本「愛するということ」の著者、社会心理学者のフロムは、現代人が「愛について3つの誤解をしている」ことを警告しています。
- 「愛すること」より「愛されること」の問題だと誤解している
- 愛は「相手(対象)」の問題だと誤解している
- 愛は「落ちるもの」だと誤解している
1.「愛すること」より「愛されること」の問題だと誤解している
「愛される人になること」が問題だと誤解しているといます。
「愛されること」が重要ではなく
「愛することを学ぶ」「愛する能力を磨く」ことが愛にとって重要なことです。
たいていの人は愛の問題を、愛するという問題、愛する能力の問題としてではなく、愛されるという問題として捉えている。
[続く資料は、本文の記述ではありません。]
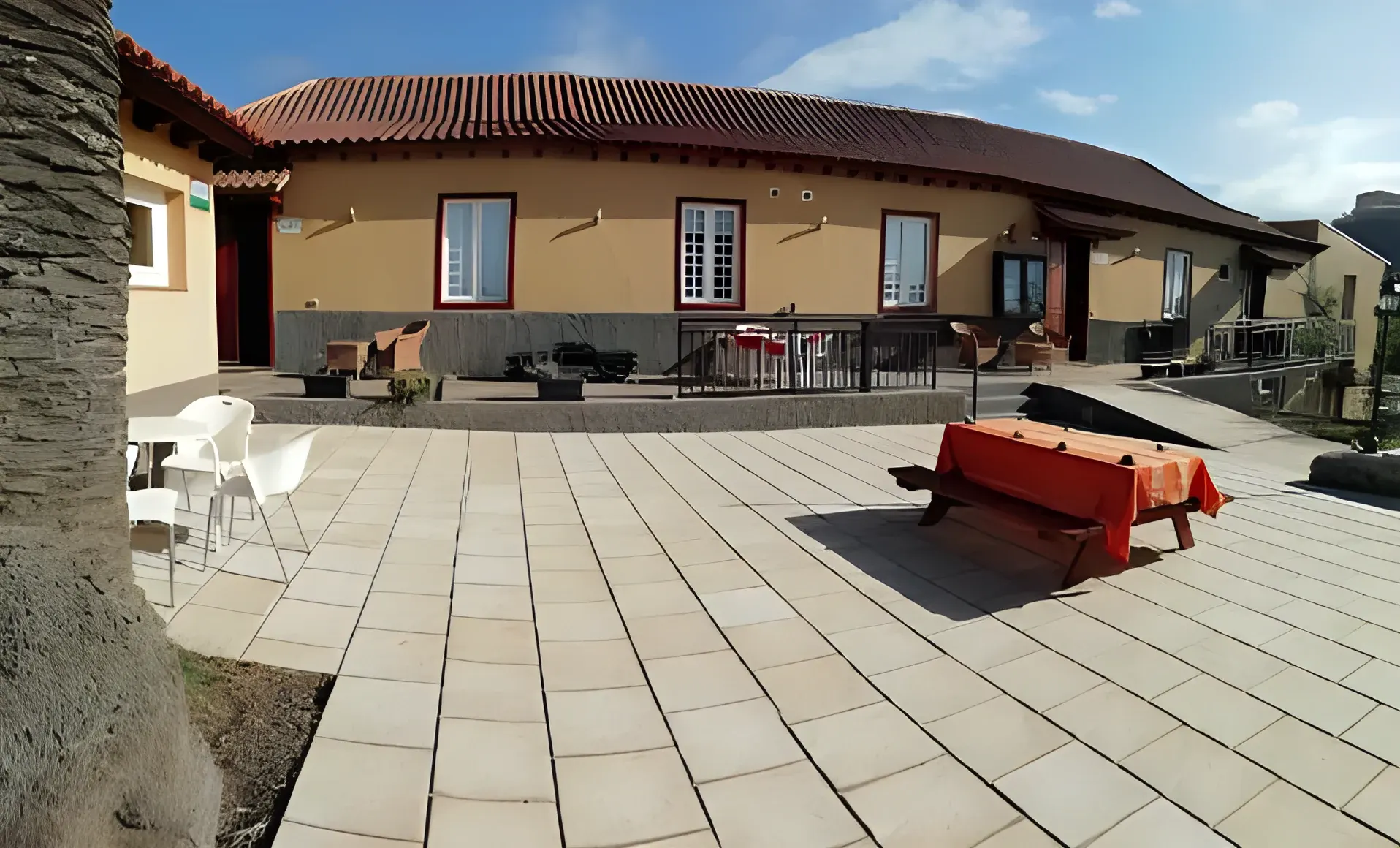 Fachada de la casa canaria y su gran terraza empedrada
つまり、人びとにとって重要なのは、どうすれば愛されるか、どうすれば愛される人間になれるか、ということなのだ。(12─13)
2. 愛は「相手(対象)」の問題だと誤解している
「自分には愛する能力はあるが、相手が問題で相手がいないのだ」と誤解しているといいます。
「自分の損得で商品を選び、気に入らなければ放っておく」というのは、人間の愛とは違います。
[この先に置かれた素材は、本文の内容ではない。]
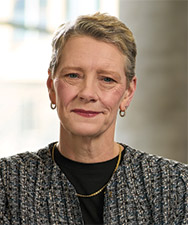 [MISSING IMAGE: ph_bushjenny-4c.jpg]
愛は「愛する相手を見つけること」ではなく、「愛する能力を学んでいく」ことです。
愛には学ぶべきことなど何一つない、という考え方の底にある第二の前提は、愛の問題とはすなわち対象の問題であって能力の問題ではない、という思いこみである。愛することは簡単だが、愛するにふさわしい相手、あるいは愛されるにふさわしい相手を見つけることはむずかしい──人びとはそんなふうに考えている。(13)
3. 愛は「落ちるもの」だと誤解している。
愛は「Fall in love. (愛に落ちる)」という一時的な事象と同じものだと誤解しているといいます。
「愛が落ちるものだ」という誤解があると、「愛する能力」が不要だという誤解になります。
「愛は一時的に落ちるもの」ではなく、
愛は「与えること」であり、「愛する能力」を学んでいく、永続的なものです。
第三の誤りは、恋に「落ちる」という最初の体験と、愛している、あるいはもっとうまく表現すれば、愛のなかに「とどまっている」という持続的な状態とを、混同していることである。(16)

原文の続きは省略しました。